He was born January 30, 1932 in Chicago. His mother, the former Johnnie Mae Williamson, left Palestine, Texas in the 1920s. His father and namesake was from Itta Bena, Mississippi. When their small grocery store failed during the Great Depression, the family moved to Milwaukee. Bill's father took a grueling job at Coke Industries until he died at 48. Bill was just 16. Soon afterwards, Bill met a beautiful young woman named Joyce Virginia Olivier.
At six-foot- four and well over 200 pounds, Bill played football for the University of Wisconsin. A year later, as the Korean War raged in 1951, Bill enlisted in the Air Force.
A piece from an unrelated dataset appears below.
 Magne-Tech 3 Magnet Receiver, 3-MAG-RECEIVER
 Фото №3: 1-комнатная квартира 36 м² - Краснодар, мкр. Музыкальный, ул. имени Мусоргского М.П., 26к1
He arrived at Lackland Air Force Base in San Antonio on December 22. Unaccustomed to the segregated transportation and hotels in the south, he settled into a disciplined military life. There, arbitrary classifications were banished; merit prevailed.
He wrote Joyce frequently as his assignments took him to Colorado, New Mexico, England, Japan, and Nebraska. By July 1954, he had become a Staff Sergeant. He flew home during a 30-day leave, and married Joyce on August 14.
Their first child, Roxanne, was born at Omaha's Offutt AFB in 1955; Darrell was born at Westover AFB in Chicopee, Massachusetts in 1957; Lamont at March AFB in Riverside, California in 1959; Celeste in 1961 and Wallace in 1963 at Fort Lewis Army Hospital in Tacoma, Washington; and Leah was born in 1964 at Andersen AFB in Guam.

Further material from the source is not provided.